So, after some contemplation, it seems to me that the truth of the matter is this:
My entire life is governed by a need for/struggle towards/failure to attain control. The irony of my failure in this area is that the only thing that I desire to control is the only thing I do actually have power over in this life - myself. I choose to be a megalomaniacal, totalitarian regime of country of one. I strive to be dictator of the fiefdom that is me. However, so far, I have been more like the impotent PTA-president (continually outvoted and outmanned by my vociferous constituents) of my own domain, more than anything else.

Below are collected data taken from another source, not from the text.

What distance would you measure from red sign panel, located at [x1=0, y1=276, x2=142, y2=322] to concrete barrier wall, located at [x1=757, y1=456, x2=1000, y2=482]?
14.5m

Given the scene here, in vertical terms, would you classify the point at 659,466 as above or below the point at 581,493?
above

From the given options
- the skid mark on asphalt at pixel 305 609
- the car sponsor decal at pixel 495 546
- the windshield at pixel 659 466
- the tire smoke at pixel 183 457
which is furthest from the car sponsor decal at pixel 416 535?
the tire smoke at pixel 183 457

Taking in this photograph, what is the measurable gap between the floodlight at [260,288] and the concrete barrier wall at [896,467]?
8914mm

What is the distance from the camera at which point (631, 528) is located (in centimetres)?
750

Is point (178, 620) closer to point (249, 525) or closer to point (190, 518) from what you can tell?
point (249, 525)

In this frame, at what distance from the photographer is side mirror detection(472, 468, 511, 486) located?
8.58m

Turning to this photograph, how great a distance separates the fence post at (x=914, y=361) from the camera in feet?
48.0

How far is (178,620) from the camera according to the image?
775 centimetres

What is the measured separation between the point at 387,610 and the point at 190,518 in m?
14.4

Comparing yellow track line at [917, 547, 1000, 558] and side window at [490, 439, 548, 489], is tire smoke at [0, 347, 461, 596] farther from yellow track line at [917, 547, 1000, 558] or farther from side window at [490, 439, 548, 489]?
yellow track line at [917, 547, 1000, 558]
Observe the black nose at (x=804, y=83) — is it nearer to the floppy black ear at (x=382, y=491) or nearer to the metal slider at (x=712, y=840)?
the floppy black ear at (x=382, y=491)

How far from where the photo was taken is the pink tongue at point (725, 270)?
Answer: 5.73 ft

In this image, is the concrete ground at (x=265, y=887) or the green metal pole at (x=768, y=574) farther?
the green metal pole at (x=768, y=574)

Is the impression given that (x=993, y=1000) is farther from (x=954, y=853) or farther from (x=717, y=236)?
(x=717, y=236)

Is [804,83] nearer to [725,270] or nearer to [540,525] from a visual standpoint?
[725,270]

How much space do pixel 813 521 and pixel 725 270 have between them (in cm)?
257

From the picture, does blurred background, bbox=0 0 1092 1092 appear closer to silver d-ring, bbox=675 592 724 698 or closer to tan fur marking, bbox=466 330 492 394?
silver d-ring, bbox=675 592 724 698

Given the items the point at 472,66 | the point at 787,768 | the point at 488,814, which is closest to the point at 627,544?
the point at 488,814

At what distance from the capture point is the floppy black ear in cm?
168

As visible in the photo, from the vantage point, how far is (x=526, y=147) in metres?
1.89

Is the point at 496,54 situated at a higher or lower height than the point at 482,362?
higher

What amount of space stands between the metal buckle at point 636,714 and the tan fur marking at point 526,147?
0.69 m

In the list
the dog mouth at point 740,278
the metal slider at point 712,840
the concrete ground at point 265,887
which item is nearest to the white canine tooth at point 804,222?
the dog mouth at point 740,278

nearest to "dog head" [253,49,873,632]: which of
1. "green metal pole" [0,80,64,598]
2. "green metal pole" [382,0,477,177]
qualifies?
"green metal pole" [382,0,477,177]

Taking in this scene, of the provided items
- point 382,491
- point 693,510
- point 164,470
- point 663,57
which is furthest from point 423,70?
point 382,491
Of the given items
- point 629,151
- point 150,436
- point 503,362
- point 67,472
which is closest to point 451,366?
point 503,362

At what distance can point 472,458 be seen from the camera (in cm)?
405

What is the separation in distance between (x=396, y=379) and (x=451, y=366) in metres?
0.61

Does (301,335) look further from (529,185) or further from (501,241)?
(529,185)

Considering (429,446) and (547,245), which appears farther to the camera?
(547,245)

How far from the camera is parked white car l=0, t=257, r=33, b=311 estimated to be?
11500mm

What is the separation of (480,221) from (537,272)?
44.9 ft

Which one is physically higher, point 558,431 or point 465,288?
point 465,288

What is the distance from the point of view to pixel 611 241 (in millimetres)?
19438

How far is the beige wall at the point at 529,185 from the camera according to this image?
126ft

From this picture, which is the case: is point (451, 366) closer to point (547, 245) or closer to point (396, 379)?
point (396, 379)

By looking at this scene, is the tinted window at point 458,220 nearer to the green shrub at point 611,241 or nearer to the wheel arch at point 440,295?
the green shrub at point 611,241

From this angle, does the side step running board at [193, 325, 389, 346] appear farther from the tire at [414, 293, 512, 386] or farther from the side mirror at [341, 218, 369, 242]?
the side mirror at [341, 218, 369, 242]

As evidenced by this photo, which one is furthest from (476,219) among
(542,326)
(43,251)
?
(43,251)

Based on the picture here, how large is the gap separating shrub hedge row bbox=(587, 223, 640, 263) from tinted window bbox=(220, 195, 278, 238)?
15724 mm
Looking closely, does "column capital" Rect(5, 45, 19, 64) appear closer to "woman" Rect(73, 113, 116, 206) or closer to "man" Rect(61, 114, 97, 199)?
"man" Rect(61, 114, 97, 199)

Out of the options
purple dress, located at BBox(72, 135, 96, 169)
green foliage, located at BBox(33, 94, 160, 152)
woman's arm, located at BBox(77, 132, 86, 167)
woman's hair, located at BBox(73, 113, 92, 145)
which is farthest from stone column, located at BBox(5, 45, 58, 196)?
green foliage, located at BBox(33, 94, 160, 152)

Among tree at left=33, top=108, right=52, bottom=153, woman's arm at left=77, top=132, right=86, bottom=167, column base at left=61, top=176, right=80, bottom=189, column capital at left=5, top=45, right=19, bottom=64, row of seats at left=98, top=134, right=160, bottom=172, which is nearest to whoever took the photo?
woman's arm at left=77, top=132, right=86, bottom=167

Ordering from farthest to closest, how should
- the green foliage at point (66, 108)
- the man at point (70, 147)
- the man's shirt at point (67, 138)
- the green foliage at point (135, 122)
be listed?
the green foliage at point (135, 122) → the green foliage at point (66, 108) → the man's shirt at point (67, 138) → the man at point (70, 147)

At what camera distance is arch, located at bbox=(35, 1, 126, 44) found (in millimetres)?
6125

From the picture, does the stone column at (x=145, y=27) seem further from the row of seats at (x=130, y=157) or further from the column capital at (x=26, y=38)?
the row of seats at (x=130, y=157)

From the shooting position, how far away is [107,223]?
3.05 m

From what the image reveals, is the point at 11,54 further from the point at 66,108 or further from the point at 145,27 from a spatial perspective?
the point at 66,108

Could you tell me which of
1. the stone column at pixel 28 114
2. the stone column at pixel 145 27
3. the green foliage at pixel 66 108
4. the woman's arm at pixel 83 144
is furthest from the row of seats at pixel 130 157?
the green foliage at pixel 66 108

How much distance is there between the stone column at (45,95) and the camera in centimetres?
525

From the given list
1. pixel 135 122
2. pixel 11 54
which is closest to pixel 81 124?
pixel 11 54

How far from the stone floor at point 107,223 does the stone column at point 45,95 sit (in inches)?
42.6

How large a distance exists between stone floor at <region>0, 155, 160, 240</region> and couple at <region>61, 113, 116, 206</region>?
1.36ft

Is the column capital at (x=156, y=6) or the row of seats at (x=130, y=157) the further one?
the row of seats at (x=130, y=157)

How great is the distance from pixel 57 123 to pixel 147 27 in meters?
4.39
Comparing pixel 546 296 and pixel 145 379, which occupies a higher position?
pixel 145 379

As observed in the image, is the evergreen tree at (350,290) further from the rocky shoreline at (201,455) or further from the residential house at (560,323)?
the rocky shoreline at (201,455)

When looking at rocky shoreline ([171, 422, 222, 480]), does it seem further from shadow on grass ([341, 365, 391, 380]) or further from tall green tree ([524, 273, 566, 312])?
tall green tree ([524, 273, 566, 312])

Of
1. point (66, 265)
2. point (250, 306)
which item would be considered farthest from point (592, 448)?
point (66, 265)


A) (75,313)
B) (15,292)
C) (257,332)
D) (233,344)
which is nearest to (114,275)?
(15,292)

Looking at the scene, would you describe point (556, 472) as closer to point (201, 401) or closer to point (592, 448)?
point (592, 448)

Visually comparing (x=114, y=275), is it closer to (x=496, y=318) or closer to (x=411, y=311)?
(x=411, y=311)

Because I do not feel that I have control of my life - my emotions, my actions, my trajectory moving forward - I am afraid. My life is punctuated by the twin quotation marks of fear (open quote) and guilt (close quote), which book-end a seemingly john-jacob-jingleheimershmidt-ian perpetual internal discourse of free-form self-loathing, angst, narcissism and over-analysis. It is a profoundly frustrating and ultimately boring conversation to be sure. Much like the Yule-Log on TV around the holidays: Boring and adding no value - via entertainment, enrichment or otherwise - yet somehow oddly comforting after all of these years, if only for its complete and utter lack of variance. And so one tunes in, year after year, The Christmas Story marathon or It's A Wonderful Life be damned. Both presently and ultimately, the Yule-Log resolves nothing - it does not adhere to the story-arc principles of the half-hour sit-com, the hour-long quirky dramedy, or the formulaic voted-off-the-island reality show. It just burns. Continuously. Unendingly. It just is.
And so go my internal dialogues - interrogations, soliloquys, cross-examinations, voir dires, rapid-fire exchanges, opening and closing arguments by turn. Seeking an answer (resolution? conclusion?): Control. Never finding (achieving? mastering?) it.
I always thought fear was a symptom of my lack of control, but looking at it now, in diagram form as described above:
FEAR self-loathing (occasional funny snarky remarks) angst (fiendish devotion to celebrity gossip) narcissism (contemplation of random trivia - baseball or otherwise) over-analysis (unfettered shopping) GUILT, exclaimed CONTROL (LACK THERE-OF)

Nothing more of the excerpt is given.